# Harmonic analysis - A little assistance is needed



## ProudSquire (Nov 30, 2011)

*Harmonic analysis - Issue Resolved*

*Edit:*

The problem is solved. Thank you everyone for your input, it's greatly appreciated.

TPS


----------



## Richannes Wrahms (Jan 6, 2014)

This is a dangerous place to post this, PetrB may kill your instructor.


----------



## ProudSquire (Nov 30, 2011)

Richannes Wrahms said:


> This is a dangerous place to post this, PetrB may kill your instructor.


That might spare his future pupils a little bit of misery, which is a good thing! But of course, killing is not a permissible act.


----------



## brianvds (May 1, 2013)

Well, all I can say is welcome to the club: I have never been able to make head or tails of harmonic analysis either, not in many years of repeatedly tackling the subject.


----------



## GGluek (Dec 11, 2011)

This is the sort of thing that gives musicology a bad name.


----------



## senza sordino (Oct 20, 2013)

Analysis is something I've never studied. I can do it slowly, maybe. Give me a few weeks, though I bet you don't have that much time.

However, on my first look I did notice that you do not always label your E's as Eb. You did this with Bb as well. The Roman numeral is probably correct but you know it's a Bb or Eb, but you didn't always write in the "flat" That was confusing for me.


----------



## ProudSquire (Nov 30, 2011)

senza sordino said:


> Analysis is something I've never studied. I can do it slowly, maybe. Give me a few weeks, though I bet you have that much time.
> 
> However, on my first look I did notice that you do not always label your E's as Eb. You did this with Bb as well. The Roman numeral is probably correct but you know it's a Bb or Eb, but you didn't always write in the "flat"

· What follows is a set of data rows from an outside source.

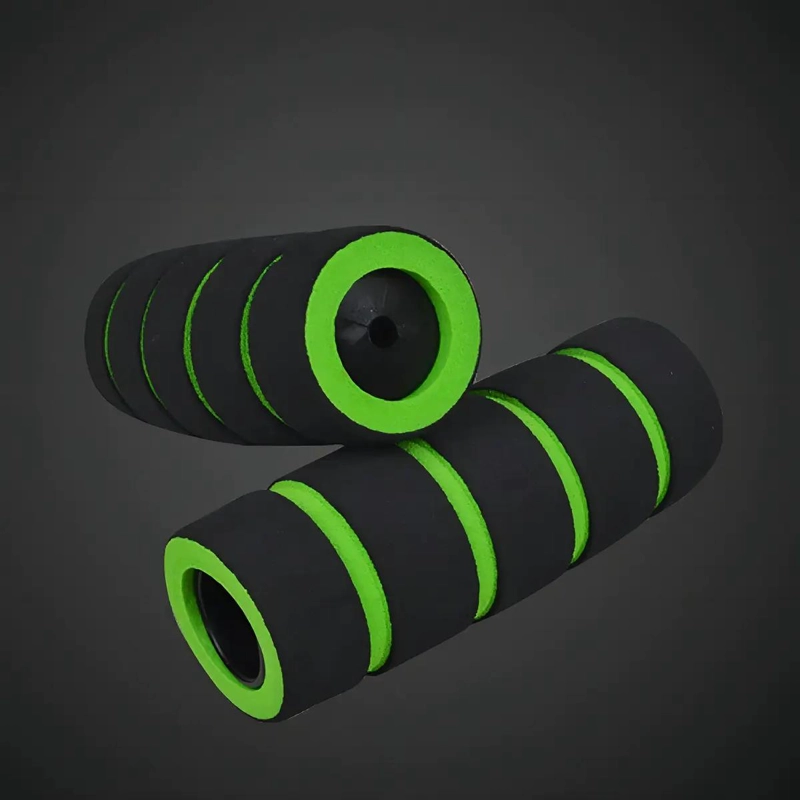 RUEDA ABDOMINAL DOBLE PARA EJERCICIOS DE FORTALECIMIENTO LUMBAR Y ABDOMINAL - 2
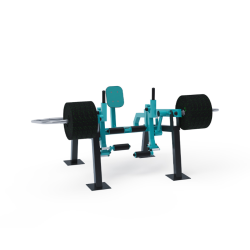 Fitness s posuvným závažím - Předkopávání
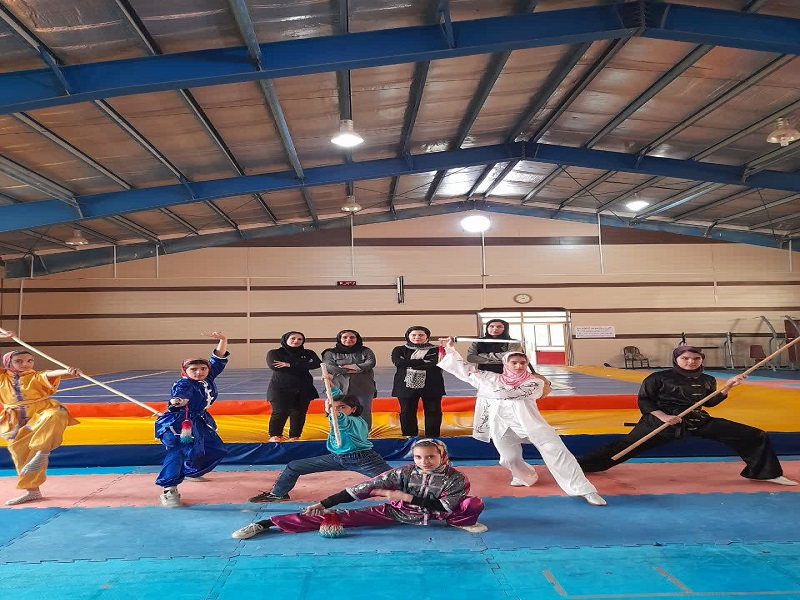 برگزاری رقابتهای انتخابی استانی ووشو جهت حضور در تورنمنت آسیایی هنگ کنگ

That's very true. I originally wanted to write in the flats, but I was a bit uncertain. I did go ahead and write in a few, but I'm glad that it's all cleared up now. I've pretty much completed everything, I just need to write in the flats and label the cadences.
Thank you so much, Sordino for pointing that out for me, I really appreciate it.


----------



## ProudSquire (Nov 30, 2011)

GGluek said:


> This is the sort of thing that gives musicology a bad name.


Anything else that you'd like to add? If not, then, thank you kindly for your input. :}


----------